PROVIDED MATERIAL
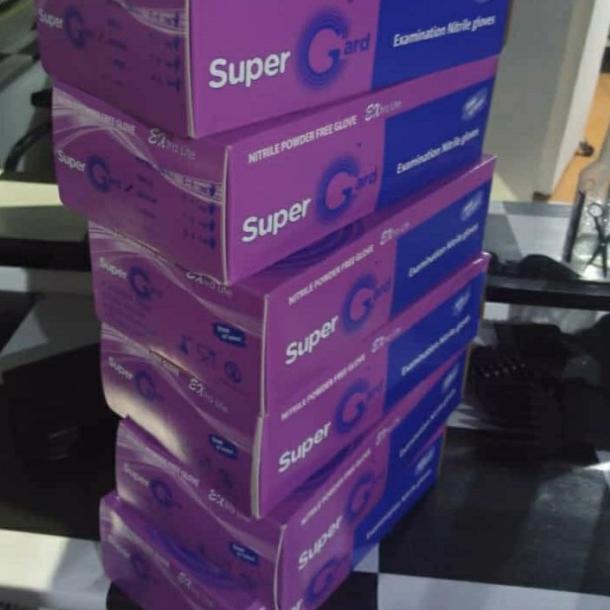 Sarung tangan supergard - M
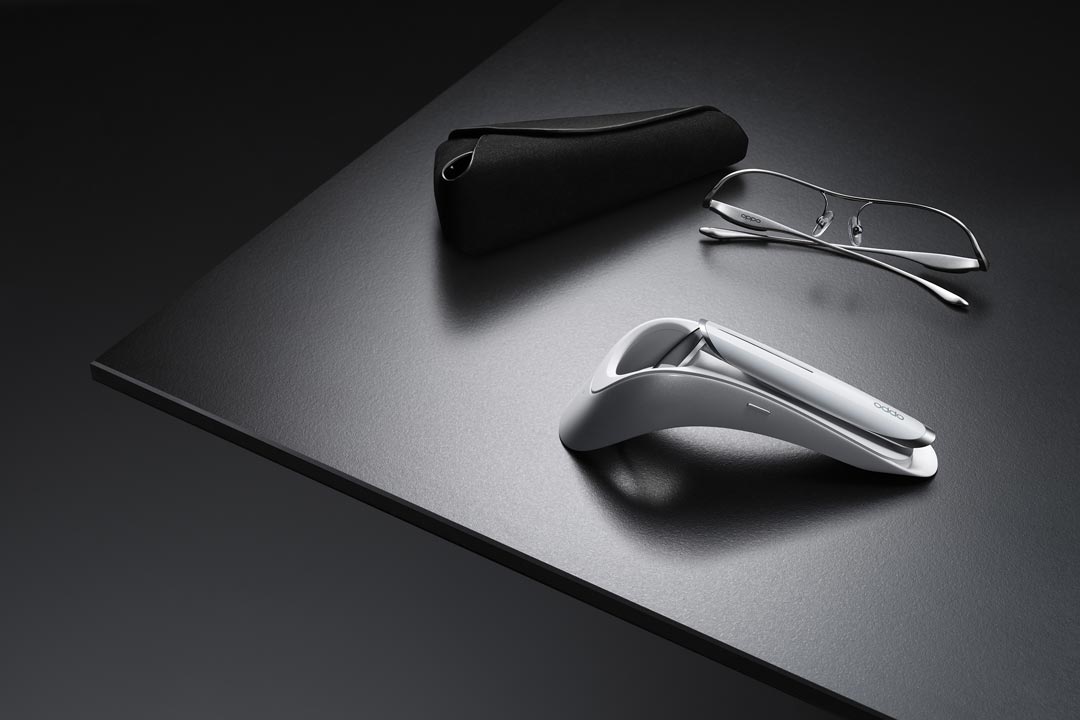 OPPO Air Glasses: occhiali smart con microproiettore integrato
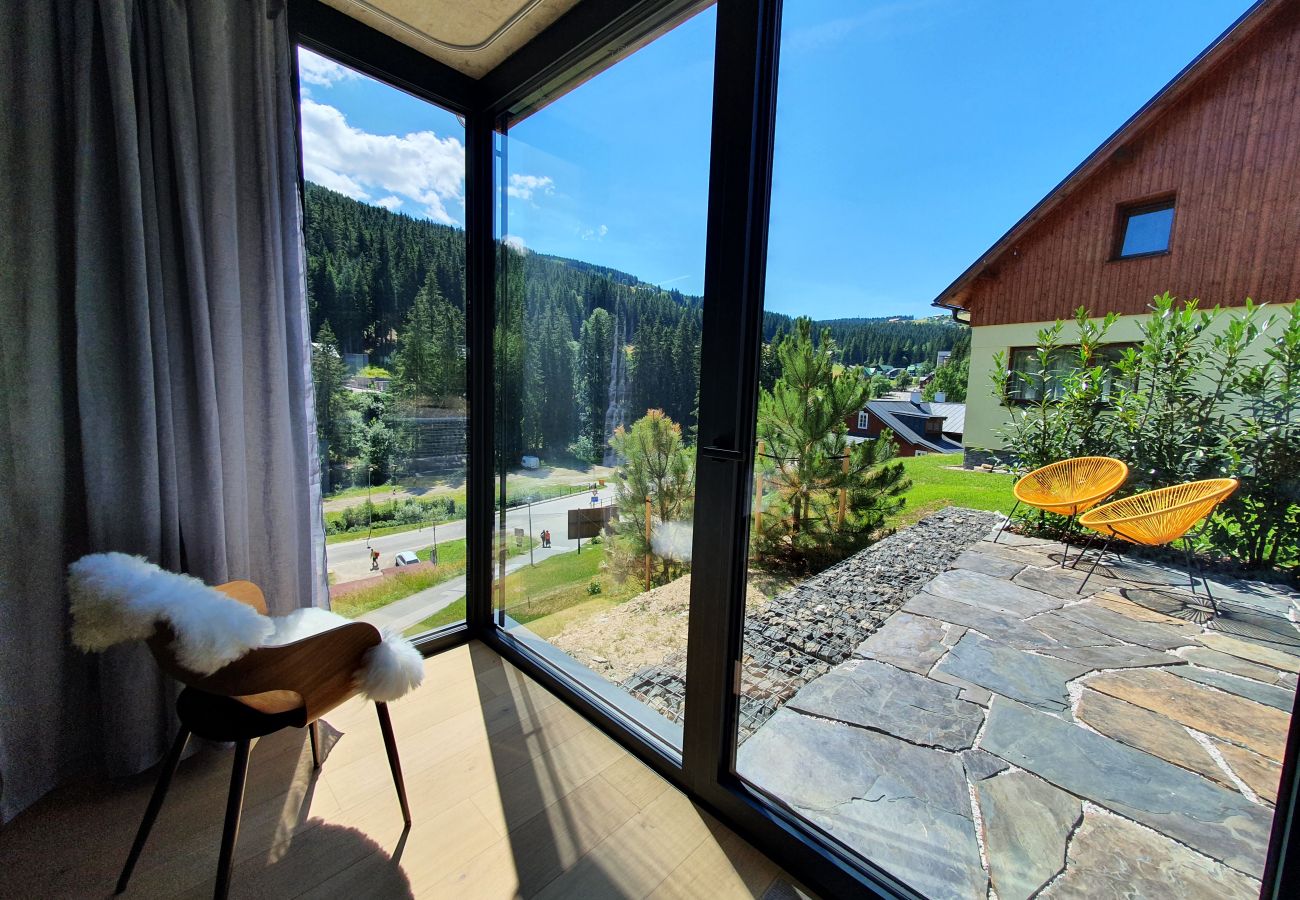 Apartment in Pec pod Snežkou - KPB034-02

---

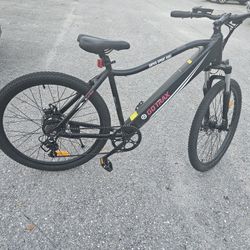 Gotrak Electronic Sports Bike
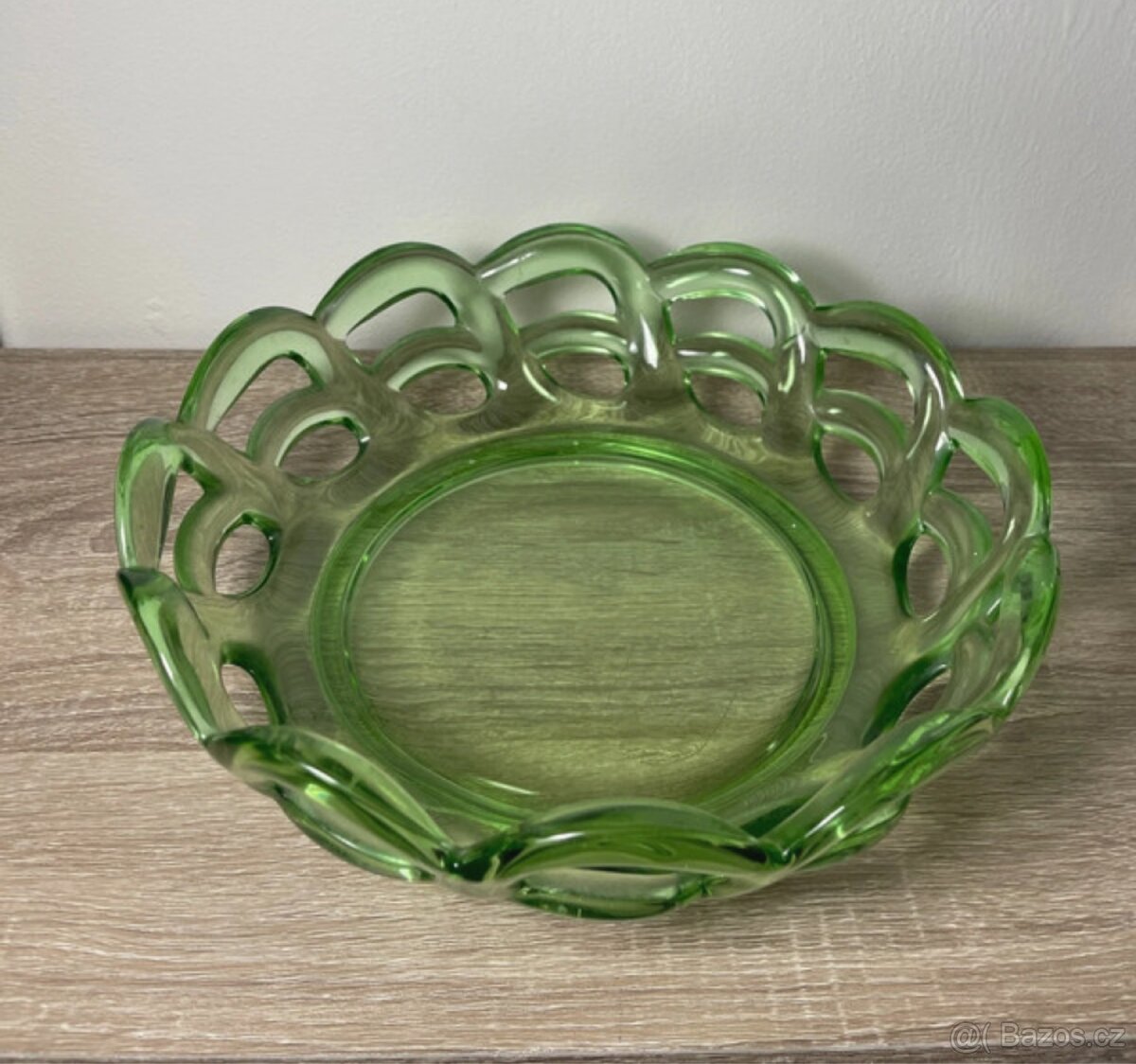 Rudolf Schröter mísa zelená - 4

HOW TO COMPLETE THIS TASK
Print an exact copy of the lines above, from the one containing "Sarung tangan supergard - M" through the one containing "Apartment in Pec pod Snežkou - KPB034-02", and leave out the pictures.

RESPONSE FOR THIS EXERCISE
 Sarung tangan supergard - M
 OPPO Air Glasses: occhiali smart con microproiettore integrato
 Apartment in Pec pod Snežkou - KPB034-02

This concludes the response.